A follow-up to last week's column

Mar. 31—Last week, I wrote: "Just three years after his (Abe Martin) cartoons and humor began appearing in newspapers (in the Greensburg News in 1907), a student at Indiana University from Decatur County got the distinction of being called Abe Martin Jr. She was a junior at the time and the author of the Abe Martin Jr. articles that appeared in the Daily Student, the official paper of the students of the university. That was Mary Baen Wright of Greensburg, who was the first woman to study journalism at Indiana University, the first woman to serve as editor of the university yearbook, and the first woman to serve as editor of the campus newspaper.

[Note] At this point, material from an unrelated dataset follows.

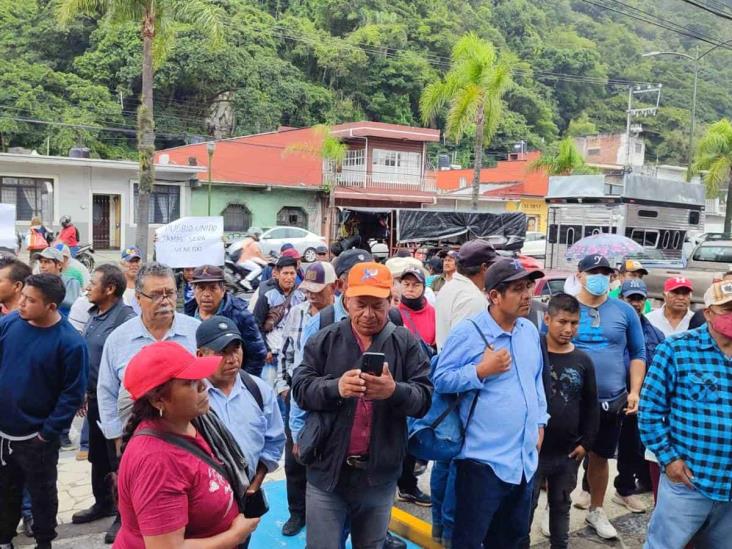 Protestan por malos tratos en el IMSS Orizaba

She was also the first person to start a school in what is now Anchorage, Alaska where she taught Eskimo children."

An email was received by our editor from Owen V. Johnson, Associate Professor Emeritus of Journalism at Indiana University (Bloomington) that follows:

Subject: Response to Pat Smith's column on Mary Baen Wright

I'm sorry to have to tell you that Mary Baen Wright was not the first woman to serve as editor of the IU student newspaper. That honor belongs to Florence Myrick, who was editor in 1899. Source: "Woman Editor of the Student in '99:Miss Florence Myrick the First Co-Ed to Occupy Inner Sanctum. Indiana Daily Student, 1 June 1907, pp. 1, 3

In fact, Mary appears never to have been the editor-in-chief. of the IDS. A complete list of editors appears in a history of the IDS published a couple of years ago by the Indiana University Press.

Yours sincerely,

Owen V. Johnson

I very much appreciate Mr. Johnson taking the time to let us know about the mistake. It's true that back 1907 and some years after, in other words, in the days before the Internet, there were no doubt more mistakes made and fewer mistakes discovered. Miss Mary Baen Wright did graduate from Indiana University in 1910 and did have the distinction of being "Abe Martin Jr."

She was born in Decatur County, the daughter of Dr. S.V. and Mrs. Wright. Baen was her mother's maiden name. She once wrote a short story titled, "The Autobiography of a Mother-In-Law." She also wrote a clever parody on McBeth. The Greensburg Standard newspaper once had an illustrated article titled, "High Jenks In A Tree." I believe that article was also printed in the Indianapolis Sunday Star.

Mary Baen died in Gresham, Oregon. Her obituary states: She was 77 years old, and attained distinction as a teacher and writer. She taught at St. Paul school and at the Knightstown Soldiers and Sailors Children's home on alternate years while working her way through Indiana University where she received her AB degree in 1910. She served as high school principal in Oregon for several years, and during World War I she taught in Alaska, starting the first high school in what was then the village of Anchorage.

She returned to Greensburg and taught in the schools here for several years. In 1941, she enrolled at the University of Oregon for work leading to her master's degree and later taught in Oregon schools. She worked in the shipyards at Vancouver, Washington during World War II and retired in 1946.

Wright married a Mr. Thompson and they had a daughter whom they named Mary Alaska Thompson who was born in 1929 and died in 1987 in Chicago. I read that Mr. Thompson died only three years after they married. She later married a man named Sinkhorn. She died at age 77 and is buried in South Park Cemetery.

Owen V. Johnson's note caused me to think a good deal about how on earth reporters got their stories in those early 1900s. I do so much wish I had asked Smiley Fowler about that.